Benedetto XVI, nella “Esortazione sull’Eucarestia” del 2007, ha scritto che “la vera bellezza è l’amore di Dio che si è definitivamente rivelato a noi nella morte e resurrezione di Gesù”. Così lo splendore del bianco delle sue vesti nella trasfigurazione è lo stesso di quelle degli angeli al mattino di Pasqua presso il sepolcro vuoto. Marco con il superlativo e il raffronto con il lavandaio, vuole indicare il “più” divino, l’oltre la possibilità umana, da cui nasce la bellezza dell’uomo rinnovato , quella bellezza che costringe a dire: “È bello!”. È una bellezza che supera il bello inteso in senso soltanto estetico, che oltrepassa il bello solo sensibilmente gradevole e amabile, che nasce dal perdere per amore la propria espressione originaria e si svuota di sé lasciandosi trasformare per amore in quella che noi chiamiamo bruttezza, non amabilità. È un modo più alto, più profondo e completo di considerare l’estetica.
Questa è la bellezza del Crocefisso, che incarna in sé l’espressione del salmo messianico: “Il più bello tra i figli dell’uomo”.
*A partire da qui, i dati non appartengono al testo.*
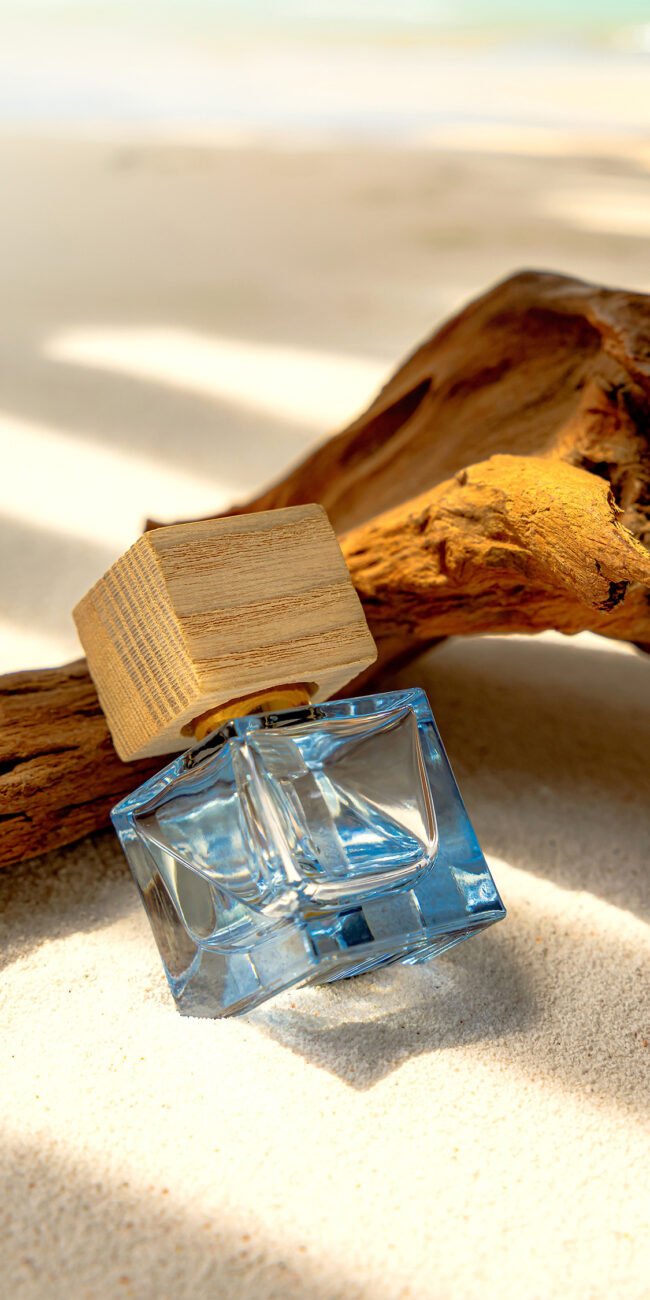 Bouteille de parfum bleu avec bouchon en bois posée sur du sable à côté d'une branche de bois flotté, capturée par Studio Helloday.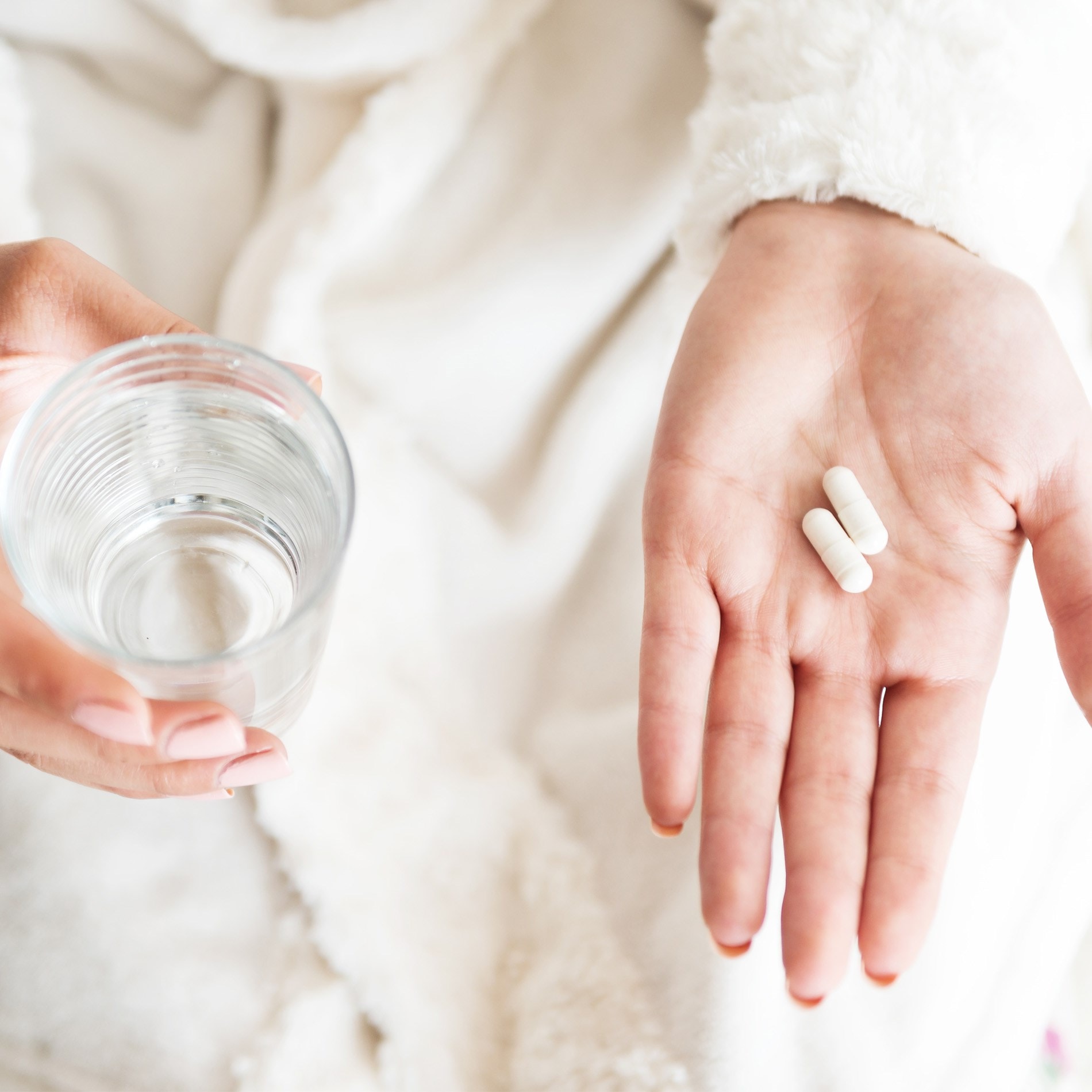 A person in a white robe holds two white capsules in one hand and a glass of water in the other.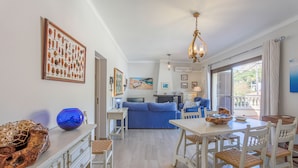 A modern living room with a dining area, a blue sofa, and a framed picture of pottery.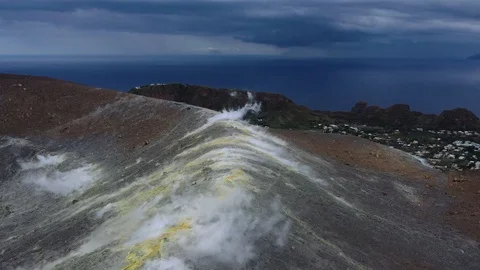 Flying along the edge of a volcano, viewn of Vulcano town Stock Footage 121294914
È la bellezza del Risorto che i discepoli di Emmaus sperimenteranno “nello spezzare il pane” e che l’Eucarestia ci permette di riconoscere e, se assimilata, fatta carne nelle nostre persone, ci da la possibilità di condividere.
Domandiamo il dono di grazia di entrare in modo più pieno nella obbedienza di Gesù.